By Olanrewaju Ajao The Federal Government has reiterated that all revenue generating agencies like the NNPC, CBN, NIMASA and others must submit their budgets for approval.
Briefing State House Correspondents after Wednesday’s Federal Executive Council meeting, Minister of Finance, Kemi Adeosun, also said their books will be audited as part of measures to ensure that all funds collected are remitted into the appropriate coffers.
However, the minister denied the report that the 2016 budget presented to the National Assembly by the President had been discreetly withdrawn for adjustment.
“The principal discussion in our meeting today was the initiative by this administration to plug revenue leakages in our MDAs that generate revenue. The presentation to FEC was to remind ministers who supervise these revenue-generating boards of their responsibilities under the Fiscal Responsibility Act.
“Let me remind you that under FRA, these boards and corporations who generate our revenue are supposed to generate operating surplus, 80 percent of which is to be credited to the Consolidated Revenue Fund, but we have discovered that many agencies have never credited anything and never generated any operating surplus including some whose salaries, overheads, capital is paid by the federal government.
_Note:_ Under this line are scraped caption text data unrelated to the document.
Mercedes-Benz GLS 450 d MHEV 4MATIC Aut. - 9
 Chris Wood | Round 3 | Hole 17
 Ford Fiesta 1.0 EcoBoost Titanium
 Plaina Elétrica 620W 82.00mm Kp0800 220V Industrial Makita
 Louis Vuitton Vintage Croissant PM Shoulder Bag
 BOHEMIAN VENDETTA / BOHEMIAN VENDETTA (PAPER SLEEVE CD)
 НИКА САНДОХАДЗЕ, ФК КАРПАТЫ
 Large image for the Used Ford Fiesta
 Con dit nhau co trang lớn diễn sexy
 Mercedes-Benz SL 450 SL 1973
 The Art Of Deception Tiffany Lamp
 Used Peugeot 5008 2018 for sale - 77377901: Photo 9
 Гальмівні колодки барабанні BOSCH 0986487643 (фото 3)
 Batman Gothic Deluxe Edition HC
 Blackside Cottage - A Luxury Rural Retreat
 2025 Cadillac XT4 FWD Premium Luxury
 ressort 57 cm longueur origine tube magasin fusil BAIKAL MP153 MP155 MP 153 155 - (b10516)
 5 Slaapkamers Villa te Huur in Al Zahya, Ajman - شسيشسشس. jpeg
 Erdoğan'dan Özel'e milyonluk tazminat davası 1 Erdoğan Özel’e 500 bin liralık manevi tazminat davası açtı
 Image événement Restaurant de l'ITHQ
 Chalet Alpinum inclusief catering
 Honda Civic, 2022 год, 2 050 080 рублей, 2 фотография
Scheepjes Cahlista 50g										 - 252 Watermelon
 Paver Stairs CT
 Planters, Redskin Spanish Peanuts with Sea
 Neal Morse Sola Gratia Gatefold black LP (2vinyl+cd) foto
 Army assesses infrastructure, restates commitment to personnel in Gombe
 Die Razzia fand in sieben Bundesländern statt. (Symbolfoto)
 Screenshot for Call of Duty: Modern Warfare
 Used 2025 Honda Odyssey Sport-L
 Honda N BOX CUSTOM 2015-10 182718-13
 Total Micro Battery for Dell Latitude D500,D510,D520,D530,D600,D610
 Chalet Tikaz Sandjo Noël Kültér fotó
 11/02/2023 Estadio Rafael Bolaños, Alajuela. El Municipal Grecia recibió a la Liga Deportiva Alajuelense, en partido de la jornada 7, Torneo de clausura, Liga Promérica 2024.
“Then in addition to that, they generate revenue which they spend without any form of control. So one of the big initiatives and changes of this administration is to bring all those agencies into line; to insist that they must submit a budget, that budget must be subject to approval and they must operate within that budget so that the surplus that is meant to come to the federal government can be seen to be used as appropriate.
“So for clarification, let me just explain that in economies that are non-oil economies, these are the revenues of government, it was because we had oil in the past, nobody has ever really looked at MDAs, NCC, so many agencies, so many boards of government and they are many, in fact they are in their hundreds.”
On the order for those agencies, including NNPC, NIMASA and several others, to submit their budgets for approval, she said “We had issued a circular in December requesting that they send us their budget and what we discussed today was the responsibility of the ministers to ensure that whether those agencies have boards or not, those budgets are prepared that the Ministry of Finance is going to sit down with the supervising ministers and with the boards concerned, where necessary, to go through their budgets and make sure that they are reasonable, that the costs are not inflated.
“We also discussed that in some cases, because some agencies have a track record and history of making sure that every Naira they earned is spent, that we will go in and audit agencies under Section 107 (8) of the Financial Regulations.
“The Accountant-General, who is under the Ministry of Finance, has the powers to go in and make inquiries about how public money is spent. So, we will be sending in auditors to some agencies where we believe everything that their cost is simply excessive and not in keeping with our expectations.
The expected outcome of this is that there will that internally generated revenue (IGR) which new budget is banking on will actually become a reality.”
On the alleged withdrawal of the budget proposal, she said: “You know the budget is presented to the NASS and then there is what we call an interactive budget approval process and you know the agencies will still go and defend their budget at the National Assembly. So, ordinarily in budget processes, anywhere in the world, there can be amendments to the budgets arising from that interactive process, which is normal.
“But let me make it very clear. The budget is not being withdrawn or replaced. The budget has been presented and will go through normal process whereby MDAs defend their budgets. It is possible in the process of that, because as you know the legislature is not a rubber stamp, their job is to scrutinize the budget and to approve that budget. So there may be some changes that occur as a result of that interactive process, but that process is normal everywhere in the world where a budget is presented. So I think it is important to make that clarification,” she said.
The minister also dismissed the insinuation that the budget could be padded by the lawmakers insisting that such was impossible considering the parlous financial position of the country.
On some agencies collecting revenues in foreign currencies and remitting same into government coffers in Naira, Adeosun said “We have done a comprehensive audit of all the agencies that actually collect money in foreign currency and remit in Naira, the requirement is that such monies should go to CBN, which should exchange the money into Naira.
What we discovered in some agencies, we have stopped it; but we are now doing an audit to identify other agencies. But one thing we have identified is that the agency concerned was NIMASA; but we discovered that there are other agencies we have not identified, who also collect funds in foreign currencies, including our foreign missions. So, we are on doing a full audit of all those accounts and to ensure that all those revenues now are converted in accordance with the extant procedures and guidelines.”
She disclosed that those heads of agencies found culpable in the act after the ongoing audit would be dealt with appropriately.